A neurociência evidenciou o período crítico para a aquisição das habilidades de linguagem e aprendizado de uma pessoa, que vai até os 12 anos de idade. Nesse tempo, ocorrem sinapses dos neurônios que permitem ao indivíduo aprender e se preparar para continuar aprendendo. Se ele não for à escola nesse período, dificilmente conseguirá qualificar-se para disputar postos de trabalho.

Como mostrou José Márcio, famílias pobres costumam depender do trabalho dos filhos para melhorar sua renda. As crianças não estudam e, assim, chefiarão famílias pobres do futuro. A alternativa seria “pagar” aos pais para retirar as crianças do trabalho, desde que as colocassem na escola. O benefício é, portanto, uma aposta na segunda geração dessas famílias, criando estímulos para que as crianças estudem. Trata-se, como falei, de um investimento em educação. O principal desafio é controlar a frequência à escola e, também, à vacinação. Dois outros são prover educação de qualidade e adotar mecanismos contra fraudes. A saída do programa não são os empregos, como se diz, pois os pais dificilmente podem ocupá-los.

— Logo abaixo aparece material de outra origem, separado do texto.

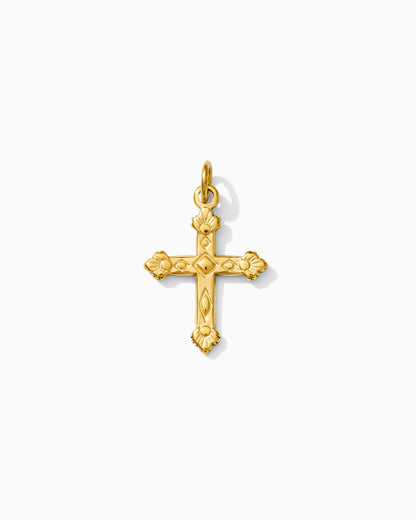 25mm Flared Edge Cross PVD Charm, CH424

O Bolsa Família não é voto de cabresto. Esse tempo passou, felizmente. Lá atrás, os coronéis abusavam de seu poder econômico e do controle do poder político para aliciar ou comprar votos. Eles eram intermediários entre o Estado e os eleitores pobres. O programa os aposentou dessa função.

O eleitor mira seus interesses quando vota. Estudos indicam que o pobre não se influencia necessariamente pelos poderosos. Ele é o “ignorante racional”, termo criado pelo economista americano Anthony Downs, conforme muito bem explicado pelo cientista político Marcus André Melo em entrevista às Páginas Amarelas de VEJA (15/10/2014). Por meio do voto, esse eleitor “tenta antes de mais nada maximizar seu bem-estar. Seu voto é coerente e racional”, assinalou Melo.

Nasci e vivi em uma cidade pobre da Paraíba, cuja população em grande parte hoje se beneficia do Bolsa Família. Terminado o período em que a cana-de-açúcar oferecia emprego, muitas famílias passavam a enfrentar a angústia da insegurança alimentar. Elas não sabiam se poderiam comer no dia seguinte. O programa lhes deu a certeza do amanhã. Mas, como não têm educação para avaliar riscos, imaginam que um novo governo pode cancelar o programa. Por isso, votam racionalmente no candidato oficial, quem quer que seja. Essas famílias votaram antes em FHC.

Espertamente, Lula convenceu que ele e o PT, e não a sociedade e o Estado, são a origem do benefício. O passo seguinte foi a vergonhosa propaganda do medo, afirmando que a oposição, se vencesse, acabaria com o programa. Foi caso pensado para aterrorizar pobres indefesos e explorar seu imaginário.

O Bolsa Família não teve papel decisivo na reeleição de Dilma. Os votos do programa são estimados em torno de 27 milhões, ou cerca da metade dos que sufragaram o nome dela nas urnas. Mesmo que fossem votos de cabresto, o PT precisaria dobrar o programa para vencer só com eles. Impossível.

Em suma, o PT não é dono do Bolsa Família, nem os beneficiários do programa têm votos para eleger presidente da República.